I was also thinking of getting a carbon seatpost. The problem here is that the 1885 seat-tube has a diameter of 31.4mm, and most posts I’ve looked at are either 27.2mm or 31.6mm. Is there any difference in ride quality using a much smaller post with a shim? I’d be very grateful for any advice you could give me.
A: If you’re anywhere between light to average weight, the Campagnolo Zonda wheels will provide a saving of 209g on your old Ventos, and the Easton Ascent lls are a very worthwhile 345g lighter. The Easton front wheel has 18 radial spokes and the rear has 24 laced to a rim with offset spoke holes to minimise the effect of dishing. The hubs have a lovely pewter anodised finish that gives a classy look, and the spoke nipples can be adjusted externally without having to remove the tyre and rim tape to get at them. The Ascent lls cost £430 a pair (Extra Tel: 01933 672170), while the Campagnolo Zondas cost £345 (www.chickencycles.co.uk).
With regards to the seat problem, a carbon seatpost will have the benefit of firstly shaving a little weight off your bike (providing it’s a quality carbon post and not one that’s merely carbon-clad aluminium). Look at posts by brands such as USE, Easton, FSA (amongst others) and secondly, the gain in flex of carbon over aluminium, although slight, does add comfort in this crucial area. Cost-wise, a quality carbon post will set you back around £70, and for this money, in our opinion, greater performance gains would be found in a better set of tyres; Sizewise, yes, Bianchi do things a little differently and 31.4mm isn’t that commonly used; if you went down the standard 27.2mm route, shims are available to bring it up to size from USE.

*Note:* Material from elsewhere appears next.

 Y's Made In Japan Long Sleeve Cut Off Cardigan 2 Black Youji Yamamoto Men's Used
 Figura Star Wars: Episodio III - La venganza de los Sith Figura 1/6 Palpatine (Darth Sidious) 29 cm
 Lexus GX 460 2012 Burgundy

In use you may well get a bit more flex in the post (depending how much is exposed above the seat collar) which will be fine, perhaps even a little more comfy. On high-spec bikes Bianchi’s Selcof carbon posts are used. You could try Selcof’s distributors www.chickencycles.co.uk to see if they have any available. I had exactly the same problem with a carbon Bianchi mountain bike about a year ago and I sourced one from USE. Their Alien Cyclops carbon seatpost was available in 31.4mm in limited numbers for £75. At just 165g the head is tricky to fit at first, but has now seen over a year’s worth of mountain bike abuse and is still like new.